Imperfectly Nice

Archive for the tag “parenting”

One and done 

“You guys having unprotected sex lately?”

“Are you ovulating, like, right now?”

Those, ladies and gentlemen, are the questions you may as well be asking me when you constantly poll me re: when we are going to “try” for more babies. Plural. Babies. More. Babies. When I give my answer – a great big smile and a shake of my head, “Nope, we are one and done,” and make some joke about when you hit perfection the first time around you don’t have to try again – I see your faces immediately fall.

“Oh,” you say, and I can almost hear the thoughts running around in your head while you try to sort through and pick one of the many completely inappropriate answers that are eventually going to fall out of your pie hole.

Because you really just can’t help it, I’ve decided. You feel the need to say something. And that something is never, ever, “Okay, cool.” Or, “Hey, that’s great.” Or anything else remotely supportive. Here is a sample of the more popular things you like to say and/or imply.

1. “You just have the one then? Plans for another? No? Oh. Oooohh. I am sooo sorry. I mean, lots of women go through this, maybe if you just, you know, relax.” 
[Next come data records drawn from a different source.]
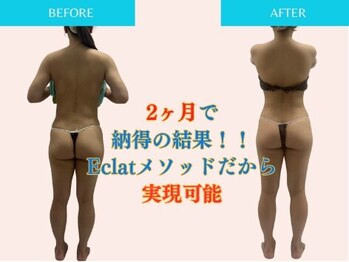 エクラ(Eclat)/Eclatの痩身★BeforeAfter8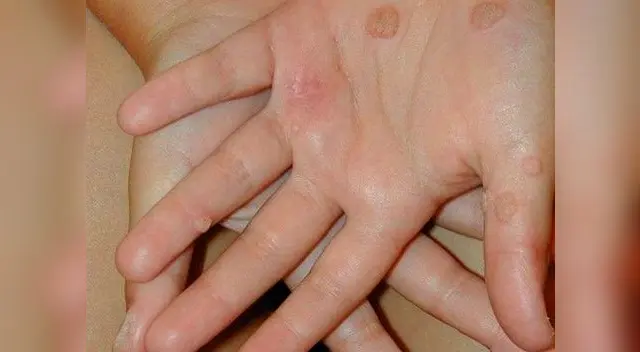 Elimina la verruga al natural. Elimina la verruga al natural.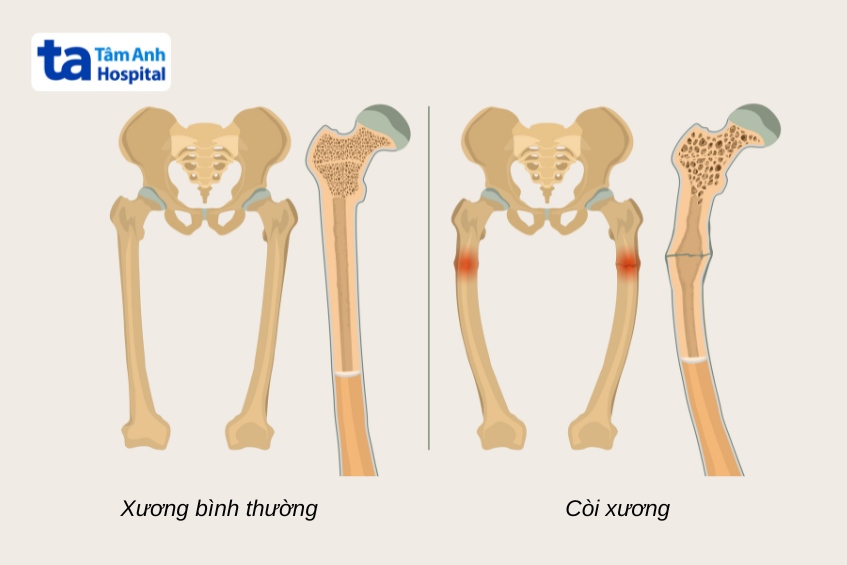 Hình ảnh minh họa xương bình thường và tình trạng còi xương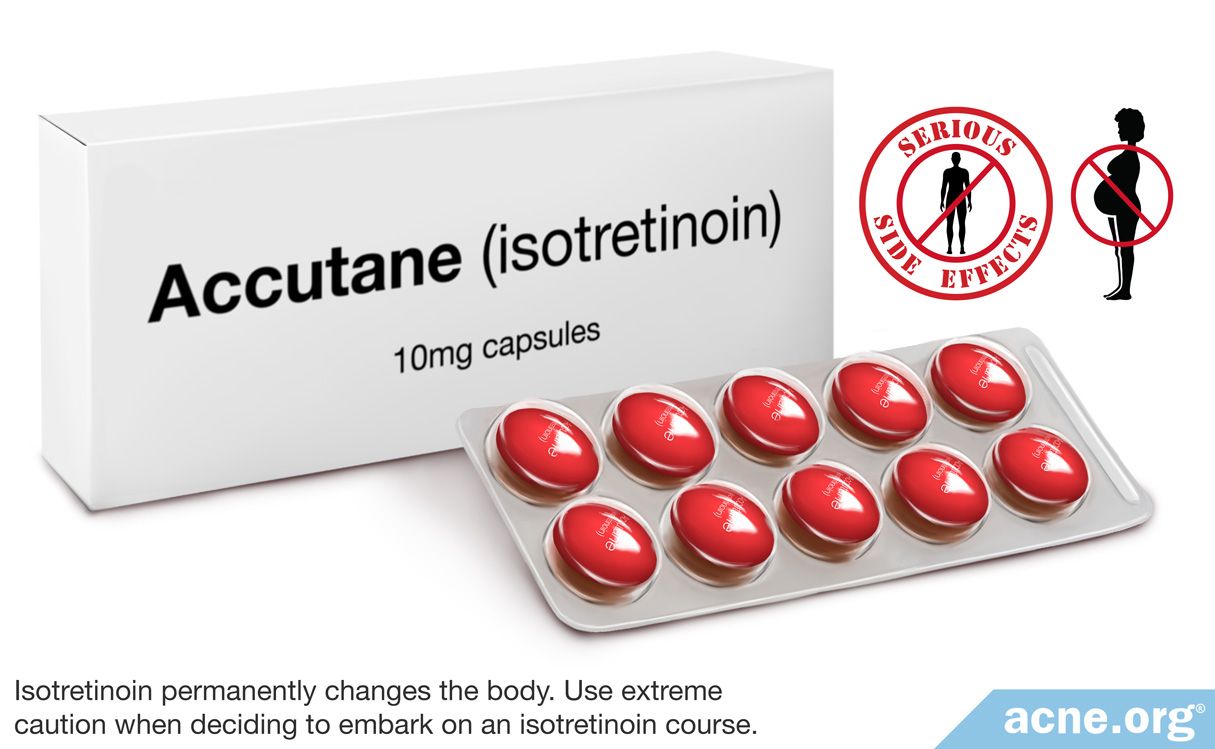 Accutane (Isotretinoin) - Acne.org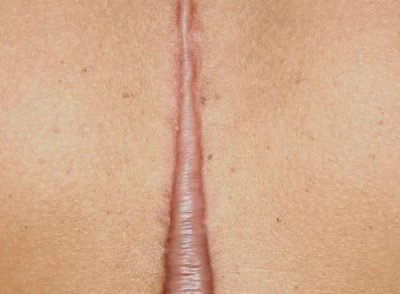 Keloid Treatment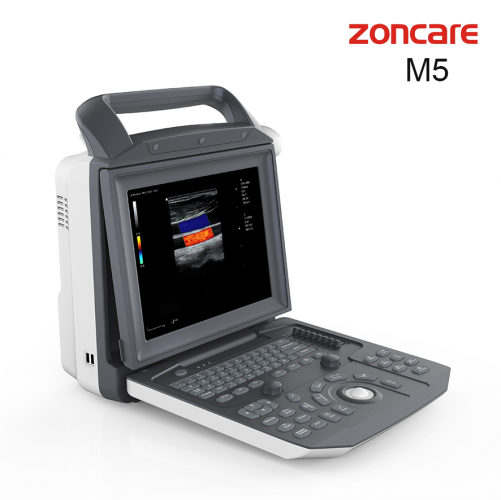 Zoncare M5 Medical Color Ultrasonic Diagnostic Apparatus Ultrasound Scanner Full Digital Trolley 4d Color Doppler Ultrasound For Hospital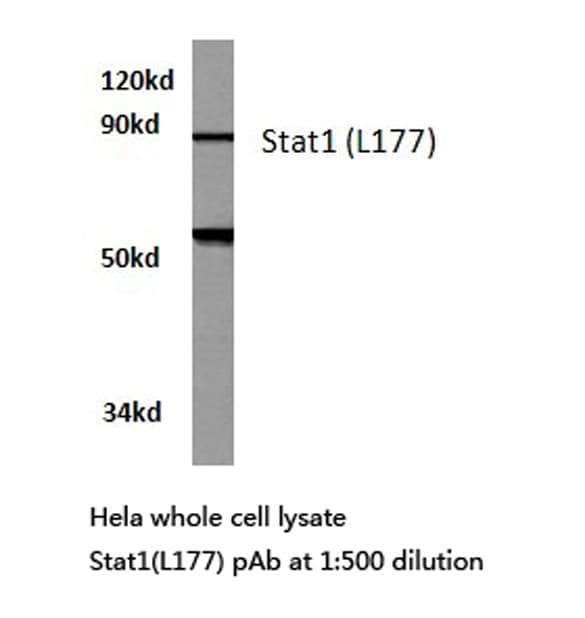 Polyclonal Rabbit anti-Human STAT1 Antibody (Leu177, IHC, WB)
Well … no, I don’t have fertility issues that I am aware of, but really, that’s just none of your business. If I did, having a biological child isn’t the only solution there is to your chorus of “needing to have more babies” anyway. In fact, we have discussed that fact that if we ever did decide to have more children, we would probably adopt, with or without fertility issues. Thanks for the concern, I guess? But in the future? Maybe you shouldn’t pry into anyone’s fertility issues and talk about “relaxing” because that’s just not any kind of helpful. Also maybe just stay out of my uterus next time. That would be greeaaat. 

2. “Oh, that first one must be a handful! Is he a difficult child?”

In fact, I have a wonderfully loving, quirky child who I wouldn’t trade for a million trillion unicorns that poop gold.

3. “I don’t know, I mean, I am just so … maternal. Motherhood is just a calling for me. I just such a mom, you know? I can’t imagine only have one. I guess you just … aren’t quite as maternal.”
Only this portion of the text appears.